A will is a legal document created by someone in contemplation of death that details how he wants his property, such as stock in a small business, to be distributed. Only property placed in a probate estate can be distributed by will. The requirements for a valid will vary by state. Generally, the will must be drafted by a competent person of his own free will. The drafter must sign the will in the presence of two or three witnesses, depending on the state. The witnesses must also sign the document.
Probate property are assets the decedent owned at the time of his death. However, any property the decedent owned subject to immediate transfer upon his death is excluded from probate. This transfer can be due to either operation of law or the terms of a contract. An example of an asset that is transferred due to operation of law is jointly-owned real estate subject to a right of survivorship. An example of an asset that is transferred due to contract would be a life insurance policy or individual retirement account.
A shareholder agreement is a contract between the owners of a corporation, agreed to when the business is formed. While a shareholder agreement can be used to address a variety of possible situations, normally these contracts focus on the exchange of the business’s stock. The restrictions imposed by a shareholder agreement are to ensure ownership is restricted to individuals the other stockholders can work with. In addition to restricting who may own stock, shareholder agreements generally outline an established process regarding what to do when a shareholder dies.

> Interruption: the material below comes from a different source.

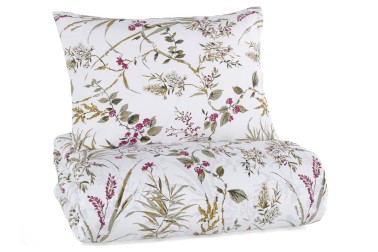 Posteljina je prijatna na dodir, savršeno odvodi vlagu i teško se gužva.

Wills & Shareholder Agreements
If a will leaves stock to a beneficiary subject to a shareholders' agreement, what happens next depends on the contract. One possibility is the corporation’s ownership will accept the beneficiary as a shareholder, allowing him to keep the stock. Another possibility is the corporation will immediately buy back the shares when the shareholder dies. If the corporation buys the shares, the shareholder agreement will generally provide a method to determine the value of the shares. Depending on the terms of the shareholders’ agreement, this may mean the stock is not considered probate property. Therefore, the beneficiary has no rights to the stock.
Ademption vs. Avoidance
If a court determines the stock subject to an agreement is probate property, it may evaluate the beneficiary’s rights in one of two ways. Under ademption theory, the court will assume the decedent intended to revoke the gift of stock since he agreed to transfer the shares to the corporation when he died. If the decedent had wanted the beneficiary to get the stock, the court will assume he would not have agreed to the stock transfer. Therefore, the beneficiary conveyed the stock in the will would get nothing. Under avoidance theory, the court will assume the shareholder agreement merely changed the form of the gift from stock to cash. As a result, the beneficiary will get the proceeds from the buyout by the corporation.